The Daily Sentinel of Grand Junction, CO deviates slightly from its anti-horse bias in this article about a Little Book Cliffs mare that roamed the WHR for an astonishing 30 years, thanks to—wait for it—a contraceptive drug.
If you’re up to speed in the wild horse world, you know the drug as PZP or Zonastat-H, an ovary-killing pesticide on the same EPA list as toxic chemicals.
You also recognize the advanced age as a symptom of an abnormal sex ratio, which the advocates and their dupes refer to as mares living longer.
The BLM-approved darting program, which appears at the top of the latest roundup schedule (for non-motorized removals), is carried out by Friends of the Ranchers, an advocacy group founded in 1982.
Curiously, they’ve scrubbed their site of all references to the product except for an old/inactive page about their organization.

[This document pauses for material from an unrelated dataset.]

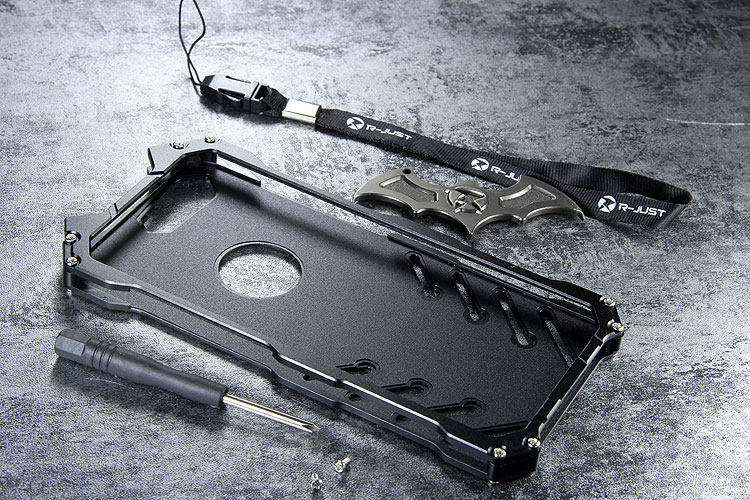 R-Just Batman Shockproof Aluminum Shell Metal Case with Custom Stent for OnePlus 5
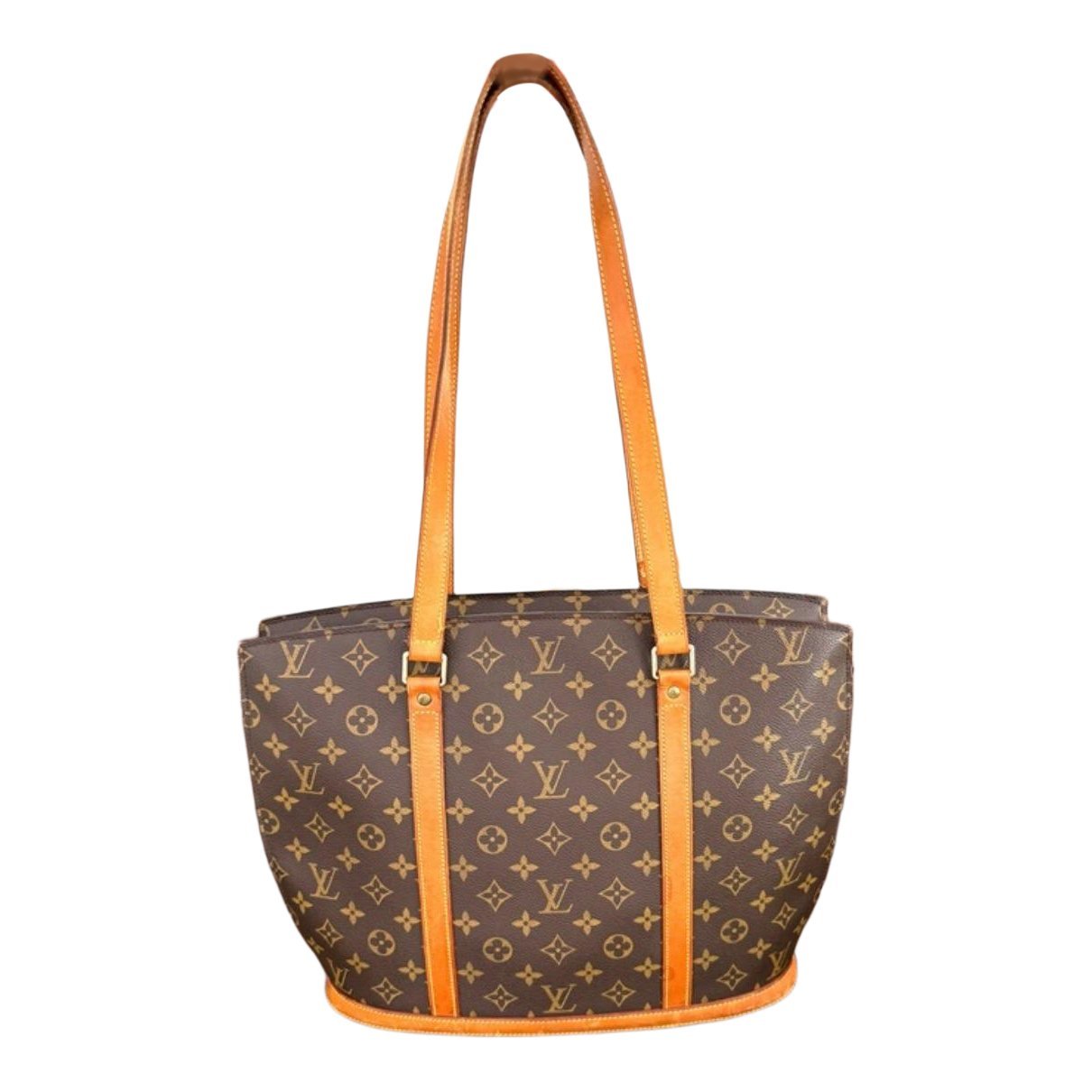 Babylone vintage patent leather tote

Most wild horse advocates insist that pummeling the mares with pesticide-laced darts, which they describe as safe, proven and reversible fertility control vaccines, is harmless.

Evidence to the contrary is on full display at Assateague Island and is now leaking out in Currituck County, NC.

As for the ranchers, Little Book Cliffs is surrounded by BLM grazing allotments.
The horses don’t always respect the WHR boundaries, as noted in the story, so beating the population down with restricted-use pesticides protects resources assigned to the public-lands ranchers.
Unfortunately, application of PZP to control pests that interfere, or could interfere, with animal agriculture is not one of the approved uses.
If the advocates are ashamed of what they’re doing to the horses, how do you think they’ll feel when arrest warrants go out for unlawful use of pesticides?
Same for the bureaucrats and grunts.
In her later years, the mare had taken up with a black stallion and the pair were often spotted by hikers and motorists, but they produced no offspring, possibly due to natural causes but more likely because she had been isolated from the gene pool (sterilized, for those of you in Rio Linda) years earlier by the advocates.
“We give them better lives and longer ones,” one of them told the reporter, referring to the mares, not the stallions.
A two-foals-and-you’re-done policy is the goal according to the report.
This permanent condition will be achieved with the temporary contraceptive mentioned in the story, not by surgery.
The advocates can be more honest and open about their true intentions and loyalties now that the Colorado Wild Horse Project has become law.
As the American people realize they’re charlatans, and adjust their financial support accordingly, the state will fund such programs, going as far as paying people to hike the range and dart more mares.
As for the stallion, the advocates say he’s going to be lonely and may go downhill fast because of the loss. He’s already 23 or 24.